Syrian military officer

Jules Yusuf Jammal (جول يوسف جمال) is said to have been a Syrian military officer who killed himself in a suicide attack during the Suez Crisis, in Egypt.

According to a narrative prevailing in the Arab world, Jammal rammed his boat into a French warship, thereby sinking the ship. This story is given credence in some sources. However, as related in the 1967 book Six days in June: Israel's fight for survival by Washington correspondent and historian Robert J. Donovan, the tale is false but gained traction in the Arab world after being aired on Radio Cairo. It is cited as an example of the "potency of [the station] to propagate myths [as being] beyond dispute."

==Narrative==
According to sources from Arab countries, Jammal's biography and actions are the following: He was born in al-Mishtaya, a village located between Homs and Latakia, into an Arab Orthodox Christian family. He later joined the Syrian Navy as an officer. During the 1956 Suez Crisis, he is said to have volunteered in the name of Arab nationalism to launch a suicide bomb attack against the tripartite invasion by Israel, the UK and France into the Sinai Peninsula in order to capture the Suez Canal. Jammal activated a suicide bomb when he rammed his boat into a French ship, destroying it and dying in the process.

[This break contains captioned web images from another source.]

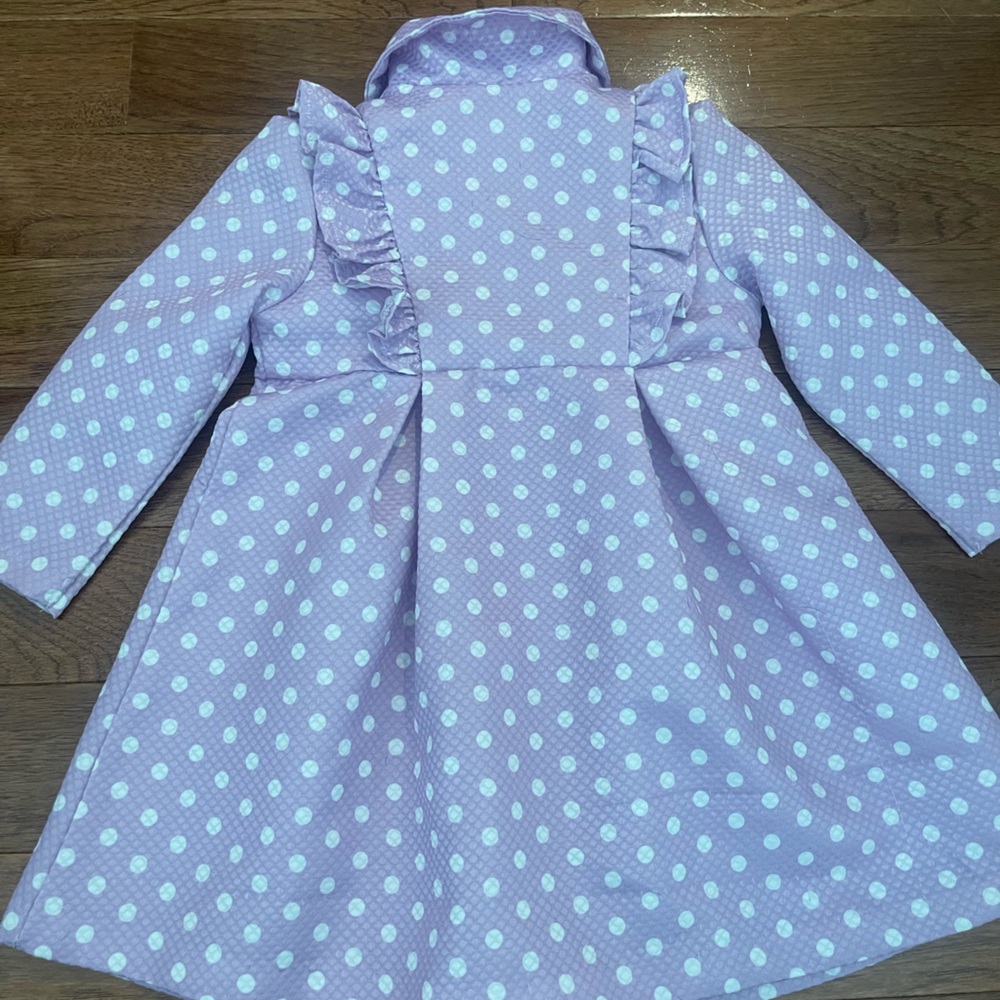 Bonnie Baby Lavender Polka Dot Kids Coat and Matching Floral Dress - Picture 8 of 9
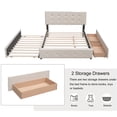 thumbnail image 4 of Bellemave Queen Size Platform Bed with 2 Storage Drawers and 1 Twin XL Trundle, Wooden Upholstered Queen Bed with Linen Fabric for Bedroom (Light Gray), 4 of 9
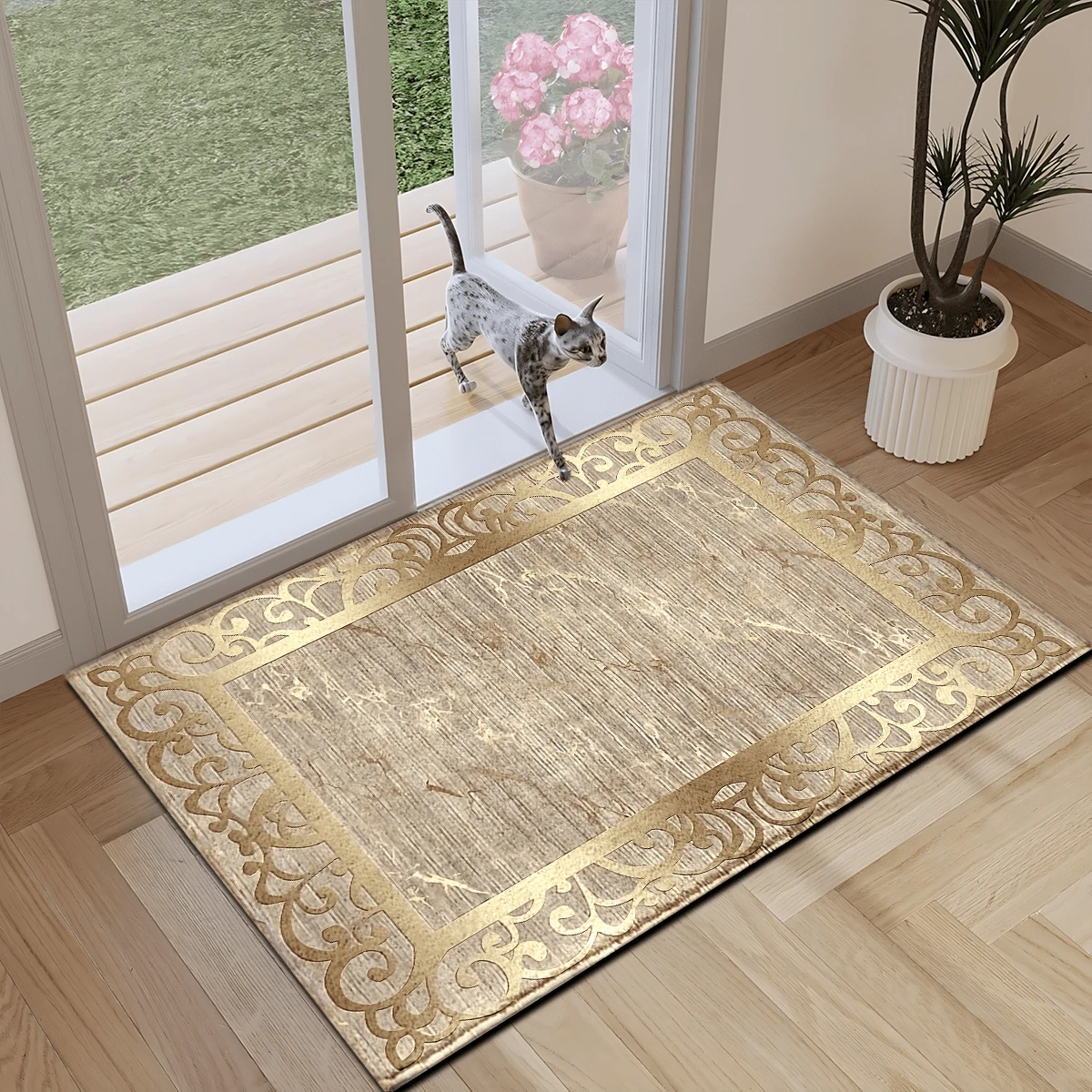 1 pieza Alfombra de lujo con estampado abstracto dorado, tapete de lana sintética - Altamente absorbente, fácil de limpiar, adecuado para decoración del hogar, estilo rústico, entrada, interior, habitación, cocina, comedor, oficina pequeña/oficina en casa, fregadero, lavandería, felpudo, tapete de cocina, antideslizante - Multicolor - Ver 1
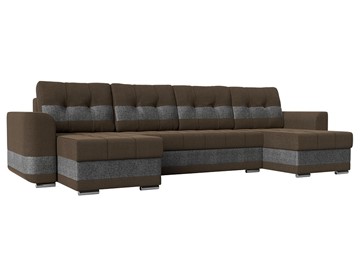 П-образный диван Честер, Коричневый/серый (рогожка) в Брянске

It is unclear which ship he is supposed to have sunk. One source calls the ship at issue the "liner Jean D’Arc" and another the "French warship, Jeanne D’Arc". There was a French cruiser Jeanne d'Arc in service at that time, but it was decommissioned in 1964 rather than sunk. Some sources name the battleship Jean Bart, which did see action in the Suez Canal, but that vessel was also not sunk; it was decommissioned in 1961.

==Legacy==
A 1960 film called The Giants of the Sea (in Arabic: عمالقة البحر pronounced "Amaliqat el Bahr") was released, directed by Al Sayyed Badir and starring Ahmed Mazhar, Abdel Monhem Ibrahim and Nadia Lutfi. Jules was played by his brother, Adel Jammal.

Arab film director Gassan Abdullah announced plans to make a film about Jammal in 2008, since he was regarded as a hero for many in Syria and Egypt for his Arab nationalism.

The Grand Mufti of Syria, Ahmad Badreddin Hassoun, mentioned Jammal in a speech aimed at Western countries, warning that Syrians and Lebanese would engage in suicide bomb attacks against Europe and the United States if they bombed Syria during the 2011 Syrian uprising. He cited Jammal as an example of a non-Muslim Syrian who carried out a suicide bomb martyrdom attack on the west, and warned that non-Muslims would assist Syria in those attacks.